Atılan işçilerden biri, durdurulması gereken soğutma bandı, imalat devam etsin diye durdurulmayınca 18 bin volt elektriğe çarpılmış. Sonuç: Sağ kol yüzde 70 engelli. Arkadaşları şunları söyledi: “Fırında da acemi bir fırıncı olunca hem kolundan oldu hem psikolojisi bozuldu. Direnişin ilk günlerinde hepimize ‘Bana kolumu verin’ diyordu.”

TAŞERON ARTIYOR

Eskiden cam işçisi olmanın albenisi olduğunu söyleyen işçiler, taşeronlaşmaya da dikkat çekti: “Davulun sesi uzaktan hoş gelir.
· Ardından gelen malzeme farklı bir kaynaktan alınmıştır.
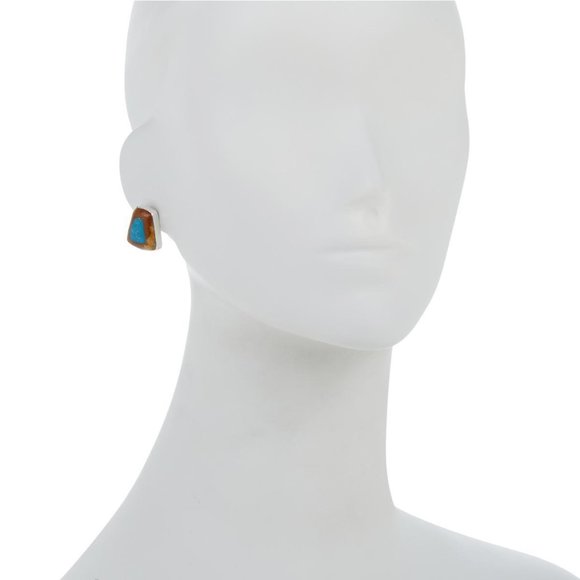 Jay King Sterling Silver Framed Turquoise Earrings - Picture 2 of 3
Eskiden cam işçiliğinin albenisi vardı. Artık hiç öyle değil. Gençler girdiğinde ‘Eyvah nereden geldim buraya’ diyor. Kadrosu vardı, iş güvencesi vardı. Ama artık o da kalmadı. Artık taşeron almaya başladılar. Şimdi atılan işçilerden birinin yerine 2 gün sonra taşeron işçi çalıştırmaya başladılar. Sadece fabrikada değil dışarıda da taşeronlar var. Taşeronlara veriliyor.”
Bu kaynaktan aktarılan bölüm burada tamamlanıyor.